Gilliam, who created the famous animations for the Monty Python programmes as well as directing films such as Time Bandits, Brazil and 12 Monkeys, is to launch his 10m high sign on Jeffrey Street in the capital.

The illuminated sign, made for the Words on the Street project for the Edinburgh City of Literature, quotes from Miguel de Cervantes’ Don Quixote, a book that Gilliam attempted to make into a movie.

The quote reads: "I shall tear up trees with my bare teeth! I shall crush mountains with my fists! I shall go crazy - for love!"

The project also marks the 400th anniversary of Cervantes' death.

Gilliam, who will be in Edinburgh to officially launch the work later this week, chose these lines from his translation of Don Quixote in "celebration of his love for this book".

A 2002 documentary film, Lost in La Mancha, is about Gilliam's efforts to make The Man Who Killed Don Quixote, a film adaptation of the novel Don Quixote, a film which at the time starred Johnny Depp, Jean Rochefort, and Vanessa Paradis.

He is still attempting to make the movie.
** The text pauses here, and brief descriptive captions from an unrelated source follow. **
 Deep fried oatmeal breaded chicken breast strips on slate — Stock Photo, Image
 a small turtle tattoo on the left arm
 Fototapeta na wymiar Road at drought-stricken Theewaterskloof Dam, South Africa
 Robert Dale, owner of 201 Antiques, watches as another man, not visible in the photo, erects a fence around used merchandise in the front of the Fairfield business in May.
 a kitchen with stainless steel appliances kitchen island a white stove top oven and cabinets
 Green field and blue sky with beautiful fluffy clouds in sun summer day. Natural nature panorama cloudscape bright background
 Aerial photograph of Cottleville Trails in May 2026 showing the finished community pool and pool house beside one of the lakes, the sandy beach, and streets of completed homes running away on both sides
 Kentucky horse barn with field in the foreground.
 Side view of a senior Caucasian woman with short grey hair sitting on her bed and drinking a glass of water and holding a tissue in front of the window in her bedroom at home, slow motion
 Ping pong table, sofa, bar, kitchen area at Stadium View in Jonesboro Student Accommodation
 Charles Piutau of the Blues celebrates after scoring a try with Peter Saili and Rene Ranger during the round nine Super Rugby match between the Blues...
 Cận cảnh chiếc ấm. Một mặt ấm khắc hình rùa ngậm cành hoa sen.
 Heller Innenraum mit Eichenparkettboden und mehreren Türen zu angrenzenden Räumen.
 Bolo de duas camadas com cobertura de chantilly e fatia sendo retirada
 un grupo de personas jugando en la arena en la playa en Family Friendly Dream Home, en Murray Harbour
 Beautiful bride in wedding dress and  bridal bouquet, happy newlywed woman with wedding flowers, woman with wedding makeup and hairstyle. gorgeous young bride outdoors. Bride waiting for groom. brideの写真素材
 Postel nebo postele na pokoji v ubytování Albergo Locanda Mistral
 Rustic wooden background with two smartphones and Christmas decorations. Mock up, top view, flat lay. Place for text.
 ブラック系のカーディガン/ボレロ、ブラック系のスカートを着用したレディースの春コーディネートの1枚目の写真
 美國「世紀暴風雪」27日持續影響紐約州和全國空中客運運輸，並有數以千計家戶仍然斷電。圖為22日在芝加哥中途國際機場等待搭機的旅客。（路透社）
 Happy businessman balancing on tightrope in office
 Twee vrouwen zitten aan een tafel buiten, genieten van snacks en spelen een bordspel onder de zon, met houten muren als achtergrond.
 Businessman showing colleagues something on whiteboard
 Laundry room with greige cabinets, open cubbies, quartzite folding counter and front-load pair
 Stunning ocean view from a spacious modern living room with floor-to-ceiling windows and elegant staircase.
The text will be attached to the Jeffrey Street railings and will be visible from North Bridge, trains coming in to Waverley from the east and Carlton Hill.

The project is funded by the City of Edinburgh Council and New Waverley developers Artisan REI and delivered in partnership with Edinburgh World Heritage’s Twelve Closes project.

Don Quixote’s connection with Edinburgh goes back to the mid-18th century, when one of the book’s first English translators, Tobias Smollett lived a couple of minutes’ walk from Jeffrey Street at St John's Pend in the Canongate.

Smollett’s translation was first published in 1755 and revised in 1761, quickly becoming one of the most popular editions of Cervantes’ work.

Jeffrey Street itself is named after Francis Jeffrey, co-founder of the Edinburgh Review.